» WORK TASK
Locate the line containing "Amir Slama Hose mit Vogel-Print - Weiß Weiß" in the material below. Copy that line and all following lines through the end exactly, omitting any pictures.

» GIVEN INFORMATION
************

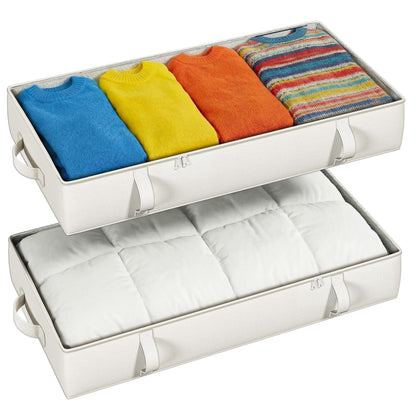 2-Pack Under Bed Storage Containers, 4.5 Inches Tall Clothes Storage, Grey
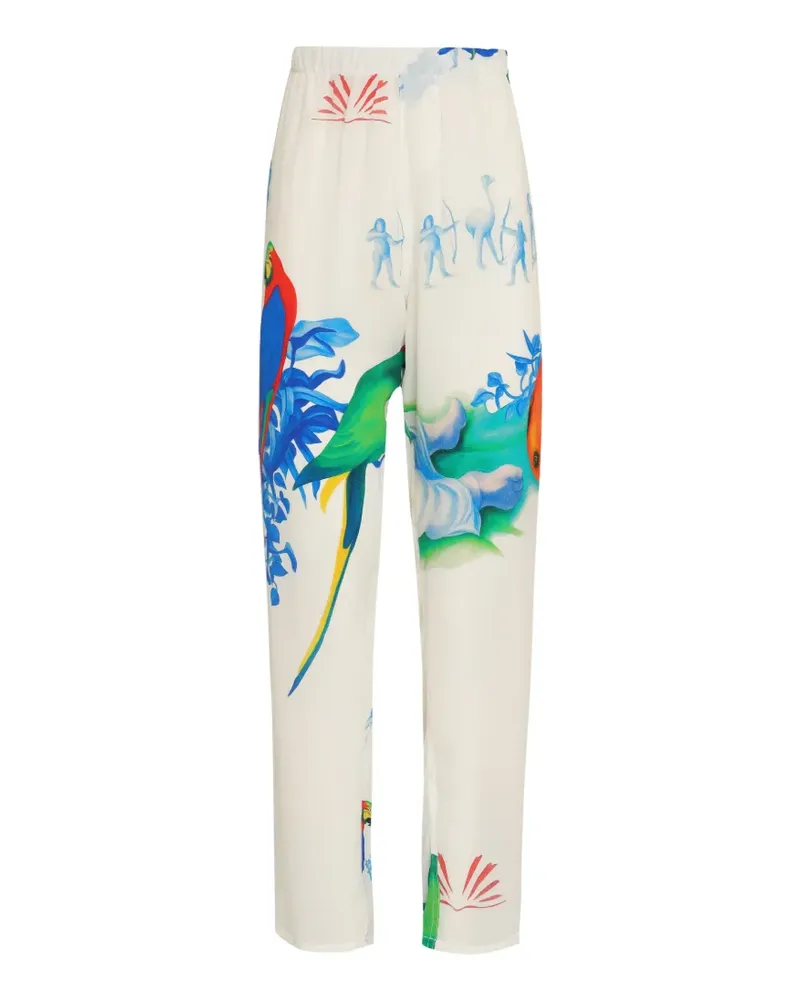 Amir Slama Hose mit Vogel-Print - Weiß Weiß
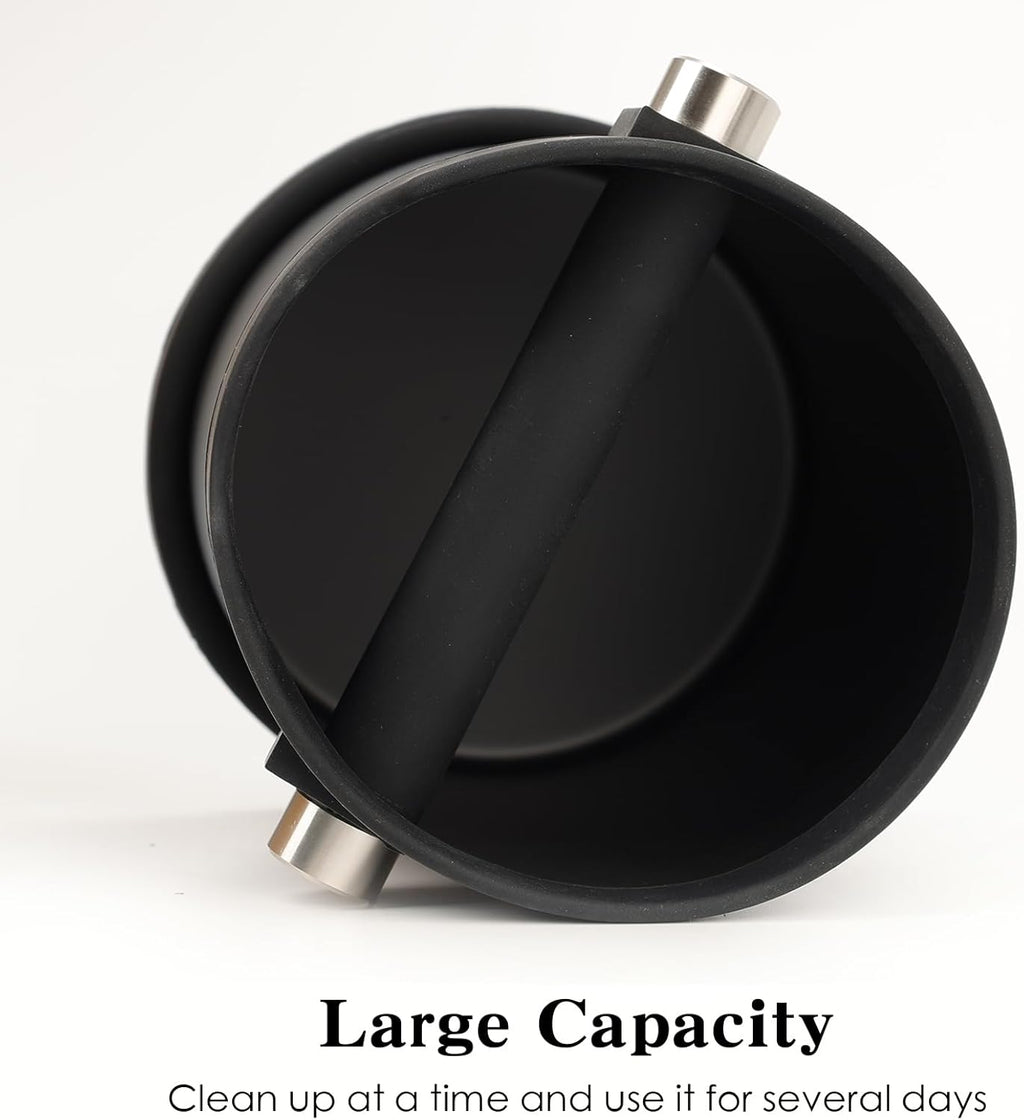 Coffee Tapping Box, Stainless Steel Espresso Floor Container, Waste Coffee Bucket, Barista, And Anti Slip Base Coffee Tools (Black)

************

» COMPLETED EXERCISE
 Amir Slama Hose mit Vogel-Print - Weiß Weiß
 Coffee Tapping Box, Stainless Steel Espresso Floor Container, Waste Coffee Bucket, Barista, And Anti Slip Base Coffee Tools (Black)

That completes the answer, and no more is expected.